*** Given records
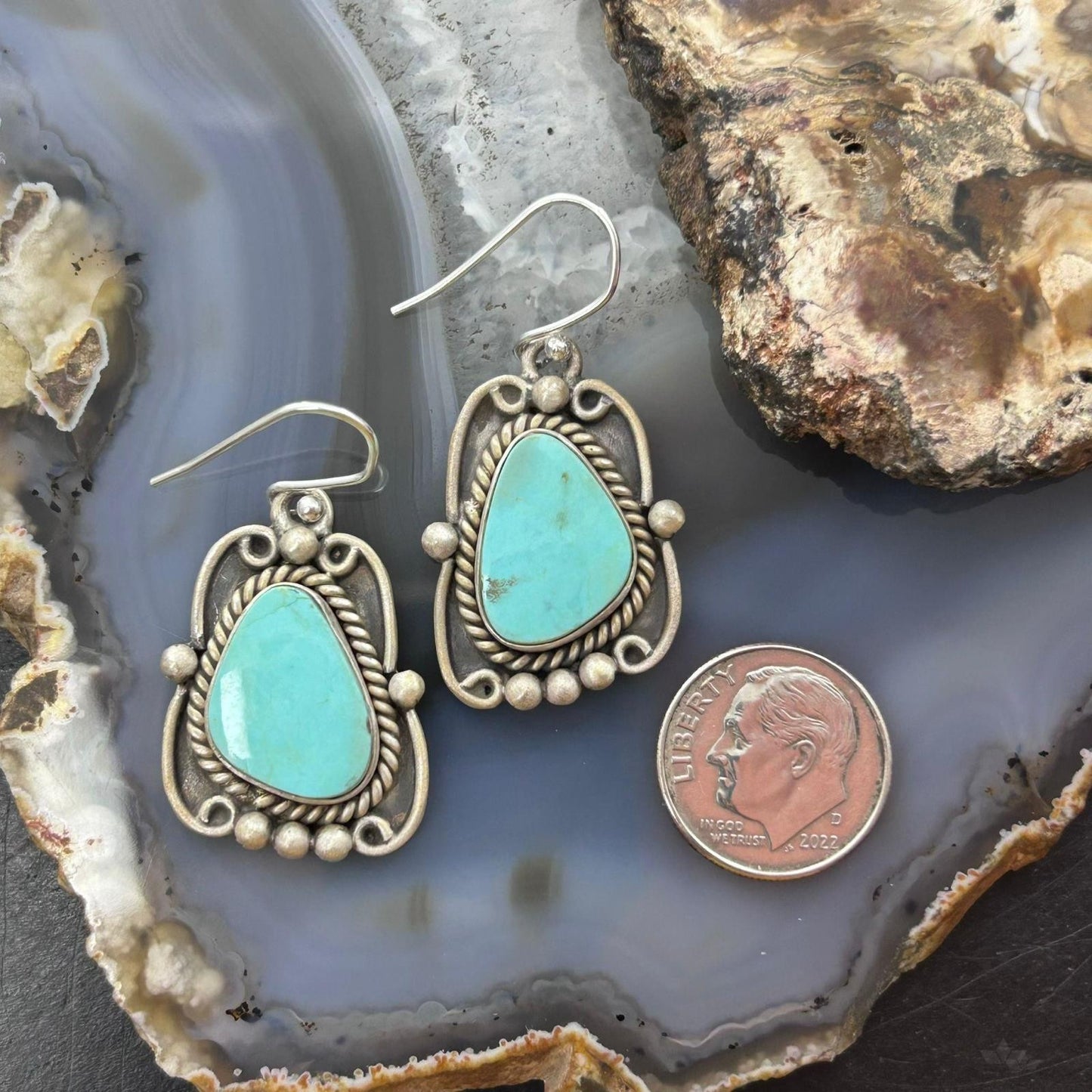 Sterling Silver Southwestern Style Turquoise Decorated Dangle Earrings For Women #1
******
*** Given records
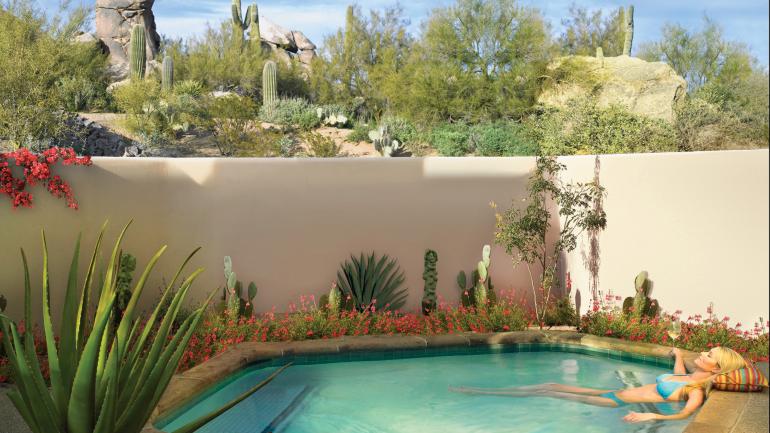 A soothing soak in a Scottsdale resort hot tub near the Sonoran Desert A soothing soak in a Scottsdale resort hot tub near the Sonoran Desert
******
*** Given records
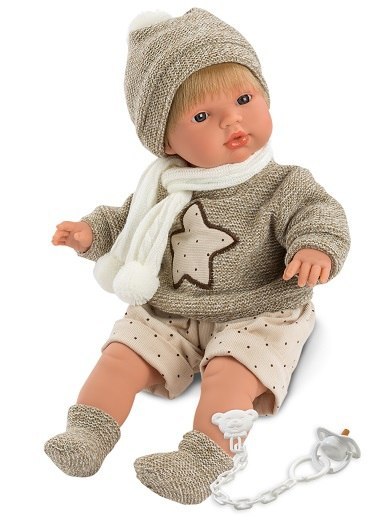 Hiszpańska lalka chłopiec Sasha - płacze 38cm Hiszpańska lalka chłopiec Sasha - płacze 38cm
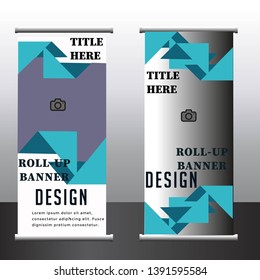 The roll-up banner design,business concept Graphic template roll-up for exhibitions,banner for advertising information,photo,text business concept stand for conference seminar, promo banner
******
**Exercise aim**.
Pictures aside, return exactly the lines from the data above, starting at the line that has "Hiszpańska lalka chłopiec Sasha - płacze 38cm Hiszpańska" and ending at the line that has "The roll-up banner", both included.

**Reply**.
 Hiszpańska lalka chłopiec Sasha - płacze 38cm Hiszpańska lalka chłopiec Sasha - płacze 38cm
 The roll-up banner design,business concept Graphic template roll-up for exhibitions,banner for advertising information,photo,text business concept stand for conference seminar, promo banner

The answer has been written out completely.